Improvements in image-processing technology have enabled facsimile machines, personal computers, workstations, and similar devices to exchange and process a wide variety of images. For example, an image received by a facsimile machine or television receiver may be captured into the memory of a personal computer, processed in the computer, then printed on a printer connected to the computer.
A problem that arises is that different devices generate digitized images at different resolutions, and printers also have different resolutions. Thus a personal computer may receive an image having a resolution of six hundred dots per inch (600 DPI), and have to print the image on an electrophotographic printer with a resolution of 300 DPI. The simple solution of converting the resolution by skipping alternate dots and lines leads to serious image degradation.

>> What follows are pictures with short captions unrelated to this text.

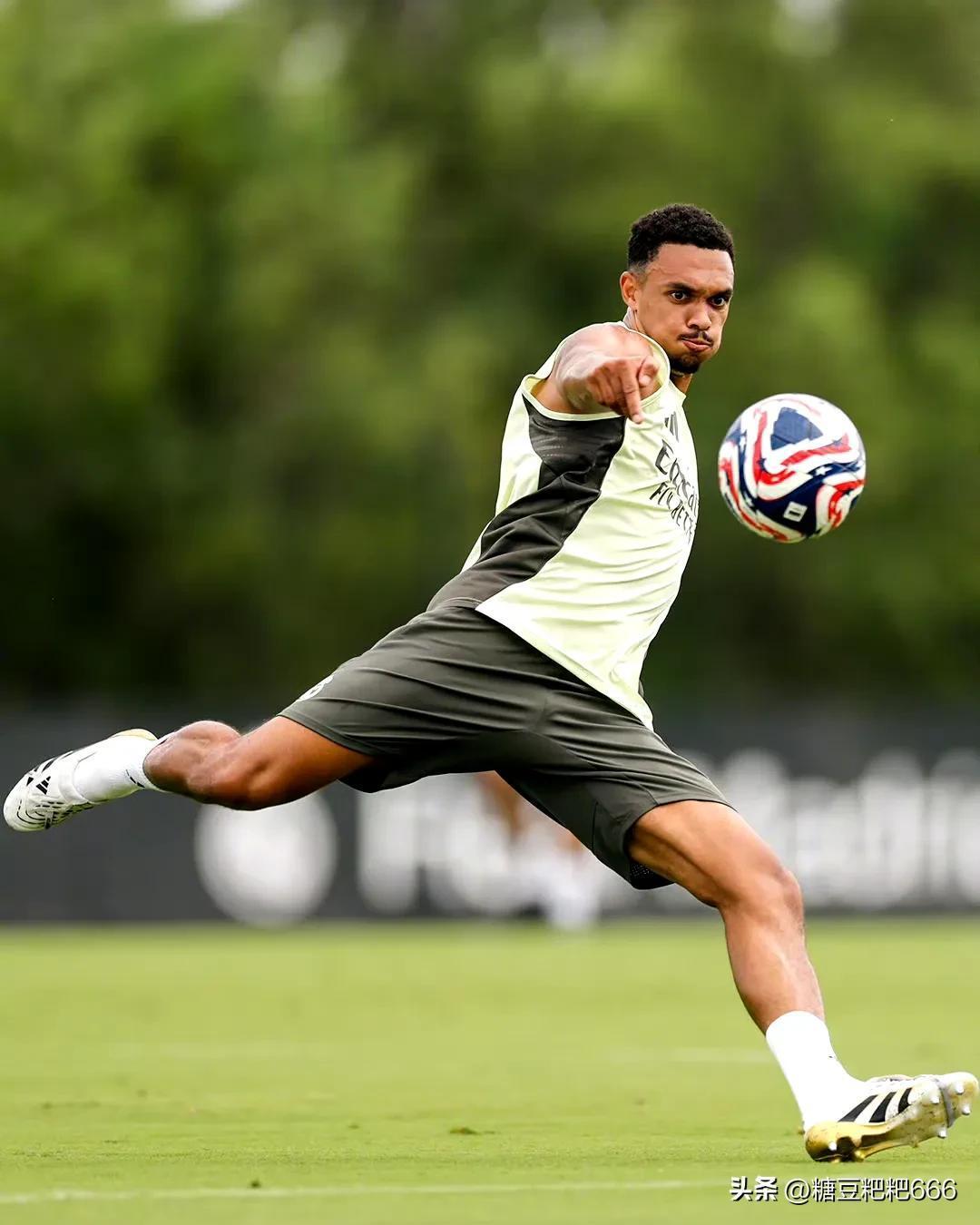 多米体育APP下载关于今夜体能课后，门兴格拉德巴赫遗憾出局备战德国杯，震撼外界，年轻球员得到机会的信息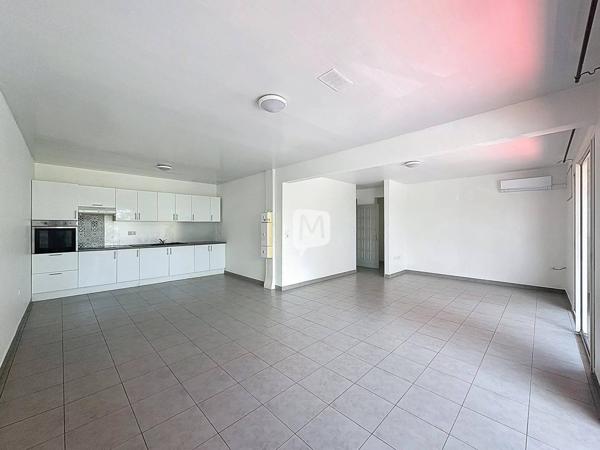 DPT GUYANE, à vendre CAYENNE immeuble mixte commerce + habitation de 689.76m²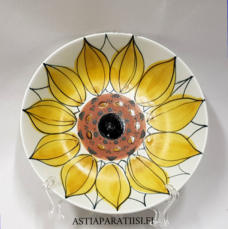 ARABIA, fajanssia, "Aurinkoruusu", malli AR,k�sinmaalattu, signeerattu, syv�lautanen,Design:Hilkka-Liisa Ahola, Kaarina Aho (malli),Valmistettu 1960-75,Korkeus n. 4 cm, leveys n. 18 cm,1kpl,74�/kpl ( Tuote nro 133R )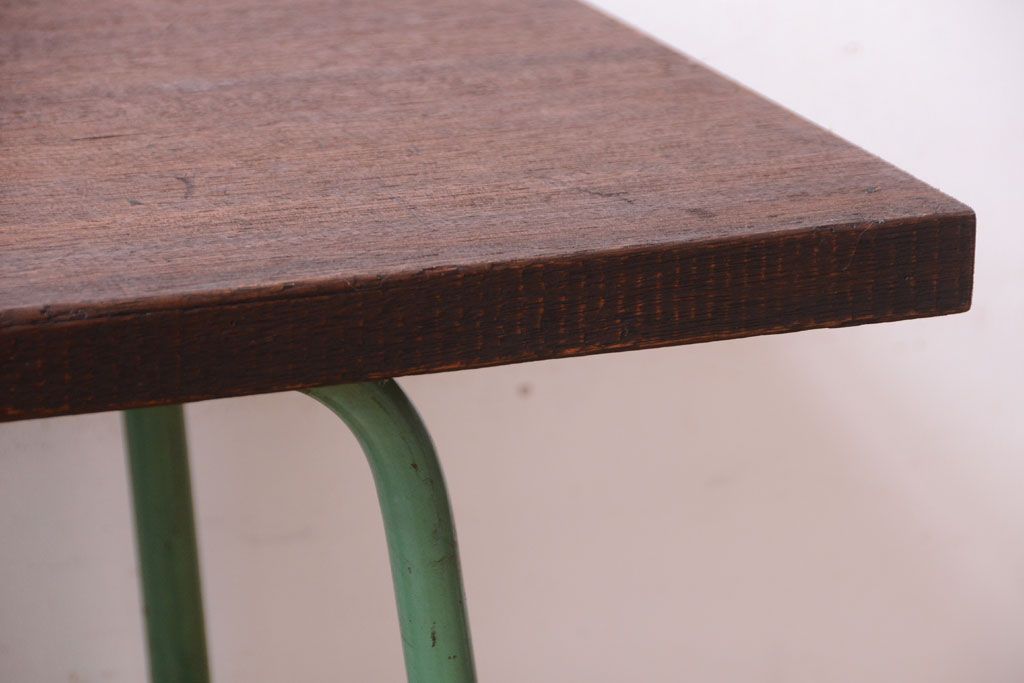 レトロ家具　昭和レトロ　シンプルな鉄脚サイドテーブル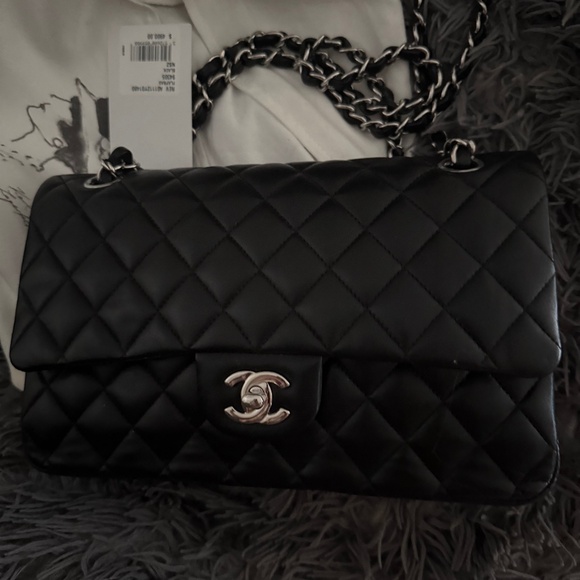 Chanel bag - Picture 1 of 6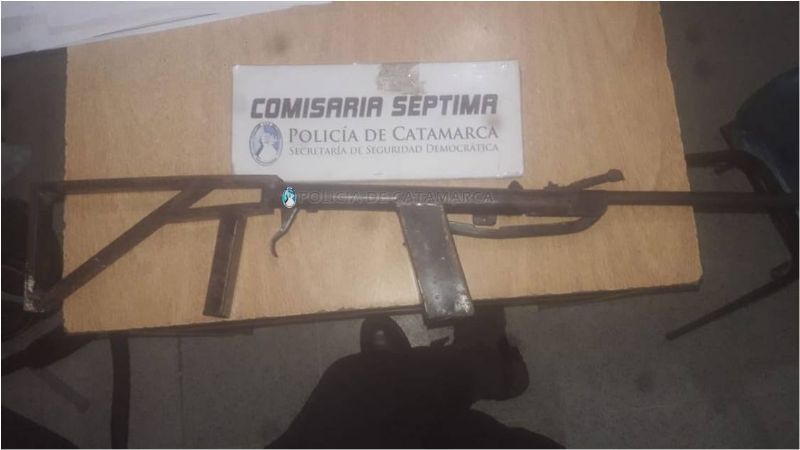 Detienen a un joven con una carretilla y un arma de fabricación casera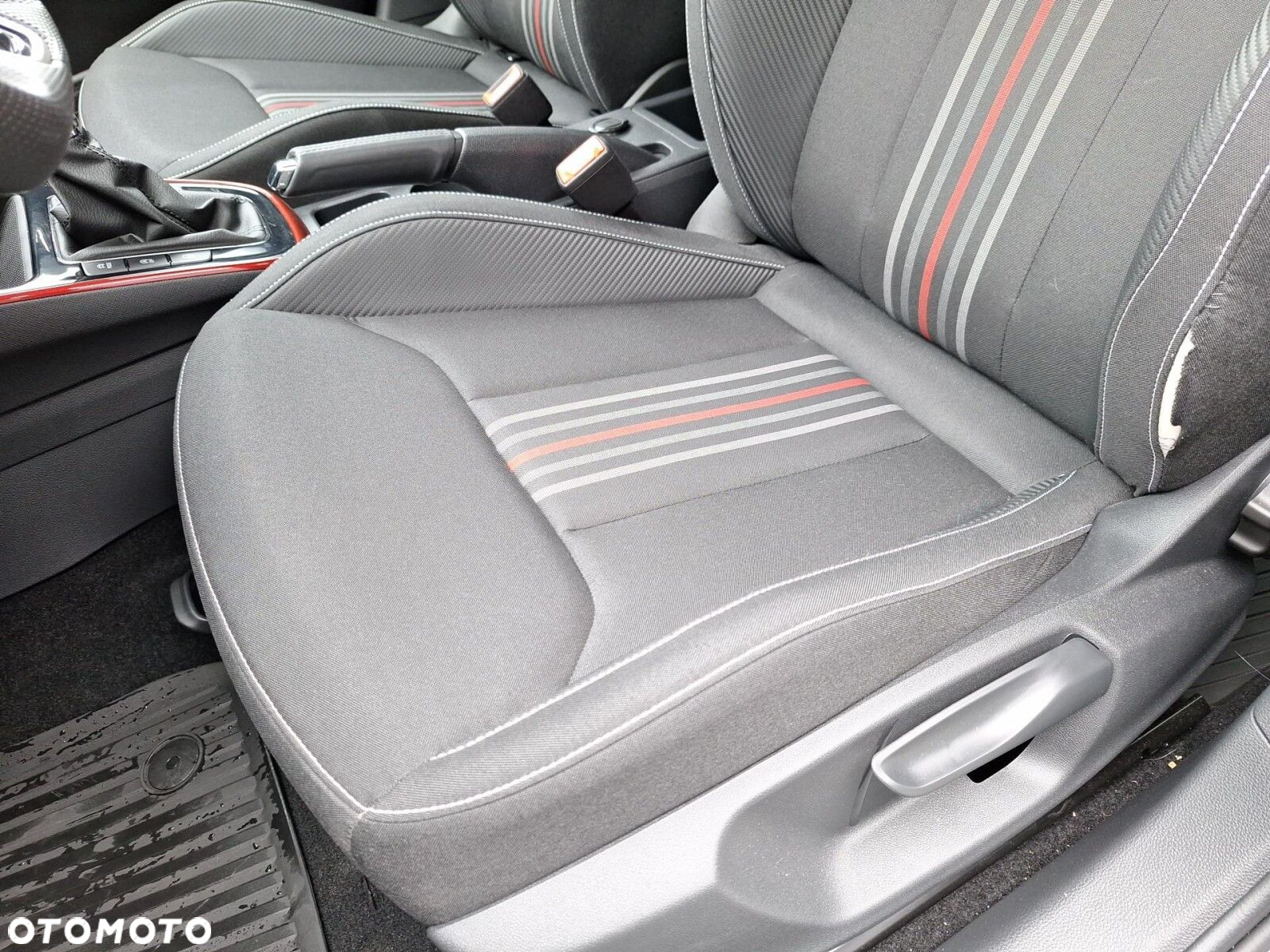 Skoda Fabia 1.0 TSI Monte Carlo DSG - 26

Japanese Patent Kokai Publication No. 71940/1994 discloses a printer that solves this problem by doubling the vertical resolution while halving the horizontal resolution. Each raster line in the original 600-DPI image yields two 300-DPI printed lines, with dots combined by AND logic in one line and exclusive-OR logic in the other line. This solution works well when the resolution ratio is 2:1, but does not apply to other resolution ratios.
Non-integer resolution ratios are particularly troublesome. When a personal computer's facsimile application software receives image data having a resolution of 200 DPI, for example, and prints the image on a 300-DPI printer, the resolution must be increased by a factor of 1.5. Conventionally, this is done by repeating every second dot and every second line, but that leads to uneven printing of fine detail, such as the fine lines that form characters in text. Moreover, if the image contains bit-mapped data generated from a natural image by dithering, the repeating of every second line and dot can generate moire patterns that greatly impair the appearance of the image.
Another known technique accordingly divides an image into a text part and a non-text part, converts the resolution of the text part by a mapping method that takes line thicknesses into account, and converts the resolution of the non-text part by a method such as error diffusion that avoids moire patterns. Text and non-text parts must be accurately identified, however, because if the wrong method is applied, the appearance is the printed output is considerably worsened. Complex and expensive processing circuits are required to recognize text and non-text parts of images with reasonable accuracy, and even these circuits become unreliable when text is superimposed on a natural image.
The problems described above occur not only with electrophotographic printers, but also with thermal printers and ink-jet printers which, like electrophotographic printers, form images from dots.